Rehfelde, den 21.12.2014

(ViP) Eine ideelle Anleihe nahmen die ehrenamtlichen Organisatoren bei einem bekannten Berliner Fußballclub. Beim ersten Treffen der Vertreter des Arbeitskreises Rehfelder Tourismus, der BürgerGemeinschaft Rehfelde, des Rehfelder Sängerkreises und der SG Grün – Weiss Rehfelde gab es neben dem Optimismus für die Idee auch ein wenig Skepsis, ob im Trubel der Weihnachtsvorbereitung in einem kleinen Dorf dies nicht untergehen könnte?

Mit jedem Treffen der Vorbereiter schwanden die Vorbehalte immer mehr und eine freudige Erwartungshaltung breitete sich aus, als die Werbebanner, Plakate und Wurfzettel und die Ankündigungen in den Medien in die Öffentlichkeit kamen und viele Briefe ihre Adressaten erreichten. Einzige unkalkulierbare Größe in der Vorbereitung war das Wetter am 20. Dezember 2014.

Und so kam es, wie es nicht kommen sollte. Nach wochenlanger Trockenheit begann das kleine Wintergewitter mit Regenschauern, matschigen Flocken mitten im Aufbau der Stände vor der „Zuschauertribüne“. So wurde kurzfristig improvisiert und die Veranstaltung  in den Bürgersaal, seine Flure und Durchgänge sowie auf die überdachte Terrasse verlegt. Das es dabei enger zuging an den Glühwein-, Puffer-, Grünkohl- und anderen weihnachtlichen Ständen nahmen alle Gäste mit viel Verständnis und Rücksicht in Kauf. Ob am Bastelstand der Familie Buchholz oder am Infostand des Familienensembles „FAMONY“ und all den Anderen. Überall herrschte freudige Erwartung.

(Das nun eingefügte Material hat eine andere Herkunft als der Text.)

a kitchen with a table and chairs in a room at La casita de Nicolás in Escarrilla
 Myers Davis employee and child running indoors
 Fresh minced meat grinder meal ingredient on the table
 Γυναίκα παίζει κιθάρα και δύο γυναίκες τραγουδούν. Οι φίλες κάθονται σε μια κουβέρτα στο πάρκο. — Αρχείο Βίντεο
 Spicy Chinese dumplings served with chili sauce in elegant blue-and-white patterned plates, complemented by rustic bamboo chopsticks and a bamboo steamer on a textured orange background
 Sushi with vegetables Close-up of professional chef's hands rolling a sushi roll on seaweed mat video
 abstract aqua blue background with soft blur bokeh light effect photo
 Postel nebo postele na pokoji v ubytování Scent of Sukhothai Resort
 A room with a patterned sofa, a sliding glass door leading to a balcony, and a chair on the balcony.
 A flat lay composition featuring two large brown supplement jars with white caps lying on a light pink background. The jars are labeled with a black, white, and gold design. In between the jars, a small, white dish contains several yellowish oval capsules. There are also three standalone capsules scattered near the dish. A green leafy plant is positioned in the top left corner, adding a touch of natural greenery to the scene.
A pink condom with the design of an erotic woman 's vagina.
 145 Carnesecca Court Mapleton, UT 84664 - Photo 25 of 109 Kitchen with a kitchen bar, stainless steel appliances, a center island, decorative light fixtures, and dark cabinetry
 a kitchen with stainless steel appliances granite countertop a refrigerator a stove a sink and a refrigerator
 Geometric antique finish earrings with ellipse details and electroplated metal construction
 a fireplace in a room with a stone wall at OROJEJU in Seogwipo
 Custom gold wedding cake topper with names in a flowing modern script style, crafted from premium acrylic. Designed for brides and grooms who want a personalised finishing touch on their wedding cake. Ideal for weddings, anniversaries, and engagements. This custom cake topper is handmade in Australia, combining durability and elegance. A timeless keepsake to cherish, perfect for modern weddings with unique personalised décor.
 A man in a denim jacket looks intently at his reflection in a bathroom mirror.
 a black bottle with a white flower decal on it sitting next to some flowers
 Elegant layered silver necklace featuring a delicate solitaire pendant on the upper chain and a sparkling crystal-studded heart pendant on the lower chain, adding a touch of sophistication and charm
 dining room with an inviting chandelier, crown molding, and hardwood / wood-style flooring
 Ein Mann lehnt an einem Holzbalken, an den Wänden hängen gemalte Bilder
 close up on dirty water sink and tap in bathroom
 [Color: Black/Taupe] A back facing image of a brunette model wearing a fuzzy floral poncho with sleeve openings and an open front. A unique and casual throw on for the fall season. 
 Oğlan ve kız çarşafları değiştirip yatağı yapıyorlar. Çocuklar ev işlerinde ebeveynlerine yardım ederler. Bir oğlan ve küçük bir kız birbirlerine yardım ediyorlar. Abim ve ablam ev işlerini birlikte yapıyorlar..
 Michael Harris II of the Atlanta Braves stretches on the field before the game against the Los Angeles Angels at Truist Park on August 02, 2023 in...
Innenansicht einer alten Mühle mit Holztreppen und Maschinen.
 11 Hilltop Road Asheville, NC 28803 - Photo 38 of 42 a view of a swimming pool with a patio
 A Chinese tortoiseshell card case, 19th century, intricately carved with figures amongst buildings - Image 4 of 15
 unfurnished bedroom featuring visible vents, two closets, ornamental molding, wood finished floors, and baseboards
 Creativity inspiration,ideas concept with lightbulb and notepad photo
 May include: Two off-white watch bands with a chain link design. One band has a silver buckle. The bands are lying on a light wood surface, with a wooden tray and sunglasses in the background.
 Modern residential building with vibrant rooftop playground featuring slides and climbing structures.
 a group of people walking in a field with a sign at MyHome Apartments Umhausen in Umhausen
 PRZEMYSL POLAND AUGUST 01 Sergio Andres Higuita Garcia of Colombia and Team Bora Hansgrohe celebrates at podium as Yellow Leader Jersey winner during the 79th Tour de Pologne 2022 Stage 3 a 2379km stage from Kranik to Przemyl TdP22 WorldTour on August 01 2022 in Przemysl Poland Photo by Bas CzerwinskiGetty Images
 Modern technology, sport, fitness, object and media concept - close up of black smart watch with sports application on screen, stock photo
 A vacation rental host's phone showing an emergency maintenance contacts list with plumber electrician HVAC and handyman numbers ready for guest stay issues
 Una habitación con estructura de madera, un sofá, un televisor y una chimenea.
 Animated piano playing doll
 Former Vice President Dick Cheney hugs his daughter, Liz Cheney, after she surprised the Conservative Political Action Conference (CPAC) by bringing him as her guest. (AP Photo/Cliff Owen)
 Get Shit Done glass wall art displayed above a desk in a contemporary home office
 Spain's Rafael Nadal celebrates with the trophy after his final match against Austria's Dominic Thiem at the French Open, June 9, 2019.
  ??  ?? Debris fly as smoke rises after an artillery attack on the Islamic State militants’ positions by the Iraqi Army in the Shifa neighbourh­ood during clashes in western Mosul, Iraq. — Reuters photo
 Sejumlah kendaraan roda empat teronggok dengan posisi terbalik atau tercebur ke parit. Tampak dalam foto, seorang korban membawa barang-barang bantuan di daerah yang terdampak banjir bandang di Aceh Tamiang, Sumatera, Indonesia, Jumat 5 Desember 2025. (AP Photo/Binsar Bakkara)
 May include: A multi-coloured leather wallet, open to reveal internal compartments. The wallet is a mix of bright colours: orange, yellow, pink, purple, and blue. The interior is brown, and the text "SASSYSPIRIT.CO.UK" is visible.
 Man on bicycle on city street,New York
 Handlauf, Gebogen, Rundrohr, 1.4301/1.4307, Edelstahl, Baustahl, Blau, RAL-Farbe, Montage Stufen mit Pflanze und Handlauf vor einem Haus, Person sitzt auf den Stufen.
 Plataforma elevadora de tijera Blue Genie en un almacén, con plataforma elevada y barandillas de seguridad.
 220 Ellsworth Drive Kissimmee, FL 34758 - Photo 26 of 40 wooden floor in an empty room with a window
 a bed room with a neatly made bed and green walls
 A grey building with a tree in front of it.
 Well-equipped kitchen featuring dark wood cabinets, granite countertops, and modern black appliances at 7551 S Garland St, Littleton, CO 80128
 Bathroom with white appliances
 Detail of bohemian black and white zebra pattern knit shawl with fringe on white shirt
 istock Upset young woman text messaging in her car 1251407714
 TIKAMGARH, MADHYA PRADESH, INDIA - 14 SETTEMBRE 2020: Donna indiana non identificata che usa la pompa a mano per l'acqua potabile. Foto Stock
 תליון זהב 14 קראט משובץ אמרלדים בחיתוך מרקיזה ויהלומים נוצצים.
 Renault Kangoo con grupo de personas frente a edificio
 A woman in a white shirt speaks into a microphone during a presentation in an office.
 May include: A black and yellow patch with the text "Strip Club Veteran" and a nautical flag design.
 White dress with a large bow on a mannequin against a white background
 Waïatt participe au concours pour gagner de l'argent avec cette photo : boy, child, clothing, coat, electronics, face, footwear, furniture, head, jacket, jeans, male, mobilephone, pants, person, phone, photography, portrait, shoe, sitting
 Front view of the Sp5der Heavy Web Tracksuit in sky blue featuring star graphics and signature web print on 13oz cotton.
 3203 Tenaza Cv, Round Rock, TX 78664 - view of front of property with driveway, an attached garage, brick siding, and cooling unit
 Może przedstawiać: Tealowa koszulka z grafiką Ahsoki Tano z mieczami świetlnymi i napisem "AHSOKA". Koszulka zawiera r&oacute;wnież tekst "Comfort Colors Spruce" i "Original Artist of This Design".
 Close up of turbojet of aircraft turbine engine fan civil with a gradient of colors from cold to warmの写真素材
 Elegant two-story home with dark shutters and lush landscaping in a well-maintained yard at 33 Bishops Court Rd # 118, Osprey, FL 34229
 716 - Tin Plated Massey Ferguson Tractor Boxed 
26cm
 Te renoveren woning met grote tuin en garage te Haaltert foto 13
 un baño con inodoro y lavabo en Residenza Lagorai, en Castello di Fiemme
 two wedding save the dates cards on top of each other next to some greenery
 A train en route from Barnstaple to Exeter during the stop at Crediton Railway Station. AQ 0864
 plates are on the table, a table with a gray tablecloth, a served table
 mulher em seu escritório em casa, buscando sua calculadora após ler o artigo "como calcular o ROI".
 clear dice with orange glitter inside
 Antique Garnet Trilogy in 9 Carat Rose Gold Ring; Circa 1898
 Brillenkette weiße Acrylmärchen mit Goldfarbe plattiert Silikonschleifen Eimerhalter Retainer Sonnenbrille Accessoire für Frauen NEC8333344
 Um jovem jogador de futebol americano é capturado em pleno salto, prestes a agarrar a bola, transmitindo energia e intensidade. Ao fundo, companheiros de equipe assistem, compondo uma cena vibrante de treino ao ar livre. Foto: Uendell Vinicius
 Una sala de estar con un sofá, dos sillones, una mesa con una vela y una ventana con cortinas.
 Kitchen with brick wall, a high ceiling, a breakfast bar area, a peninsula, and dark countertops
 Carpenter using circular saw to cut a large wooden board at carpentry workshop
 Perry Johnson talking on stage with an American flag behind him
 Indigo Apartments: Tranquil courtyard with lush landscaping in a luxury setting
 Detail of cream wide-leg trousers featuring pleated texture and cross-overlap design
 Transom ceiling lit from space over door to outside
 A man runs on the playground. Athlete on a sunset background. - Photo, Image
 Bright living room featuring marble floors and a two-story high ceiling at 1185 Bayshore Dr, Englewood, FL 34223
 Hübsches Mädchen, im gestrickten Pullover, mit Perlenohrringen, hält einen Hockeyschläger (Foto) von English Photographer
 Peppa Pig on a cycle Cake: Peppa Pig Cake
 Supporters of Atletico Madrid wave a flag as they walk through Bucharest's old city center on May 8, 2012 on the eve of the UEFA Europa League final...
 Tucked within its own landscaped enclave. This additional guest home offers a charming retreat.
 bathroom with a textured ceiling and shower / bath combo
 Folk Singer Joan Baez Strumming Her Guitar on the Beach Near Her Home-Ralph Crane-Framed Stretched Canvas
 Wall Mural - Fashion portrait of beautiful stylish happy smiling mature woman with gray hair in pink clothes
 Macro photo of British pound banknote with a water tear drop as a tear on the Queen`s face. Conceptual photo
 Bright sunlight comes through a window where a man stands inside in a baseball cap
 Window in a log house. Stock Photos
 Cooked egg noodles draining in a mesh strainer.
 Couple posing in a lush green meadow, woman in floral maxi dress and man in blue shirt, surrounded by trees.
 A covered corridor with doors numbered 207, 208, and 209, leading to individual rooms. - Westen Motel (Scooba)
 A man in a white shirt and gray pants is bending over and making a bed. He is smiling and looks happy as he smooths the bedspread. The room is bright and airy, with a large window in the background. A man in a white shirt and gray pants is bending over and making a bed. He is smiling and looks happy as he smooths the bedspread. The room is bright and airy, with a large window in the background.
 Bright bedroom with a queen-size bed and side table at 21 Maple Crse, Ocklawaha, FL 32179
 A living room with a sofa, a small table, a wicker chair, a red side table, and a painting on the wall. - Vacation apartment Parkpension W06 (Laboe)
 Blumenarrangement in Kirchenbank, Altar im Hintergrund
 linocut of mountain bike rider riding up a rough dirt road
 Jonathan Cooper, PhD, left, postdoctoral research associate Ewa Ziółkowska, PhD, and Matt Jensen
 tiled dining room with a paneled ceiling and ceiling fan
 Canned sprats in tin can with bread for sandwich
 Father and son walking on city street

Pünktlich zum Sonnenuntergang 15.56 Uhr begrüßte Carsten Kopprasch die sich dicht drängenden Gäste von drei bis 83 Jahren im Umfeld des Bürgersaales und gab einen kleinen Ausblick auf den Ablauf.

Dann übernahm in bewährter und begeisternder Weise der Sängerkreis mit drei Titeln die Einstimmung auf das gemeinsame Singen.

Inzwischen waren auch die kleinen „Singeheftchen“ und die Knicklichter an die vielen Gäste verteilt worden, von denen immerhin und das sehr erfreulich fast ein Drittel Kinder waren.

Dann, Überraschung für alle - auch für die Organisatoren, bot die Kindertanzgruppe des Sportvereins Grün-Weiss „bezipfelmützt“ bei mitreißenden Melodien zwei Darbietungen, die gekonnt und ausdrucksvoll durch die vier- bis neunjährigen selbst choreografisch begleitet wurden. Eine Begeisterungswelle riss die Gäste regelrecht mit. Tosender Beifall war ein schöner Lohn für die grün-weissen Zwerge.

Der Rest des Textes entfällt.